The FDA designates orphan products to support the development and evaluation of new treatments for rare diseases. The designation qualifies the sponsor for incentives, including tax credits for qualified clinical trials, waiver of user fees, and potentially seven years of market exclusivity if the drug is approved.
“The orphan drug designation for REC-4881 is an important addition to our work in developing this drug to treat patients with FAP, for whom there is a significant unmet need,” said Ramona doyle, MD Chief Medical Officer of Recursion. “I am delighted that the team continues to advance this drug into a Phase 2, randomized, double-blind, placebo-controlled study to assess safety, pharmacokinetics and efficacy in patients with FAP, for which we plan to start recruiting patients within the next three months. quarters. “
FAP is a rare tumor syndrome without approved therapies. In the USA, France, Germany, Italy, Spain and in the UK alone, the disease affects around 50,000 patients. FAP is caused by autosomal dominant inactivating mutations in the tumor suppressor gene APC. Patients with FAP develop polyps and adenomas in the gastrointestinal tract throughout their lives. These growths are at high risk for malignant transformation and can lead to invasive cancers of the colon, stomach, duodenum, and rectal tissues. The standard of care for patients with FAP is colectomy, and without surgery, patients with FAP will progress to colorectal cancer in adulthood. After colectomy, patients receive endoscopic monitoring every 6 to 12 months to monitor disease progression. While surgical management and monitoring have improved the prognosis of patients with PAF, duodenal and desmoid tumors remain a major cause of death in patients with PAF after colectomy.

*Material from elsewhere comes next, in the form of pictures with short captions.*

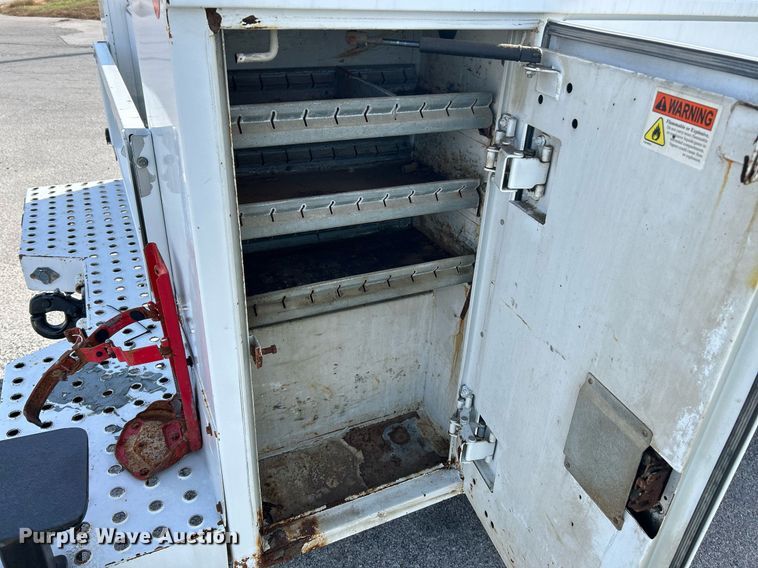 image for item NR9374 2011 Ford F250 Super Duty XL  utility bed pickup truck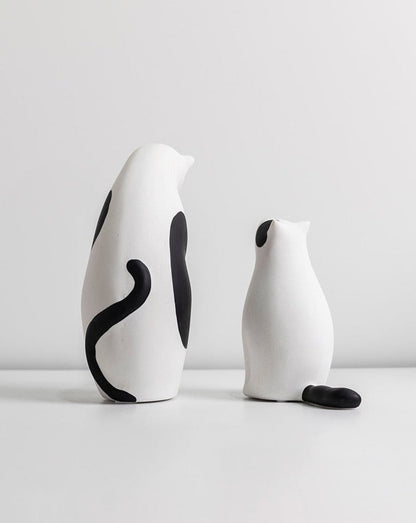 Minimalistic Sitting Cat Sculpture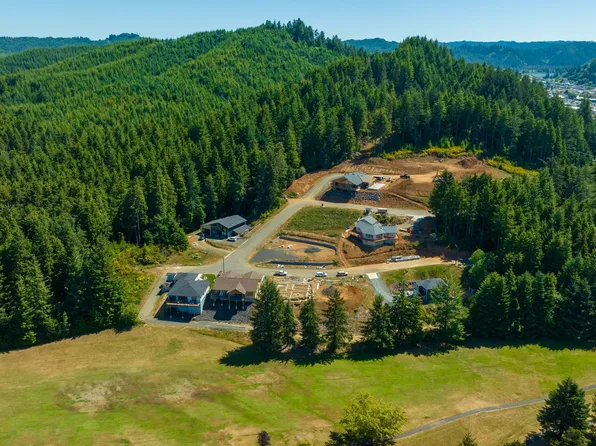 856 Masters Ct, Reedsport, OR 97467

Learn more about Recursion and see its pipeline on Recursion.com/pipeline.
Recursion is a clinical-stage biotechnology company decoding biology by integrating technological innovations in the fields of biology, chemistry, automation, machine learning and engineering. Our goal is to radically improve the lives of patients and industrialize drug discovery. At the heart of our mission is the Recursion operating system, which combines an advanced infrastructure layer to generate what we believe to be one of the largest and fastest growing proprietary biological and chemical datasets. in the world. We combine this with Recursion Map, a suite of custom software, algorithms, and machine learning tools that we use to explore fundamental biology without human coercion and navigate to new biological knowledge. Learn more at www.Recursion.com, or log on to Twitter and LinkedIn.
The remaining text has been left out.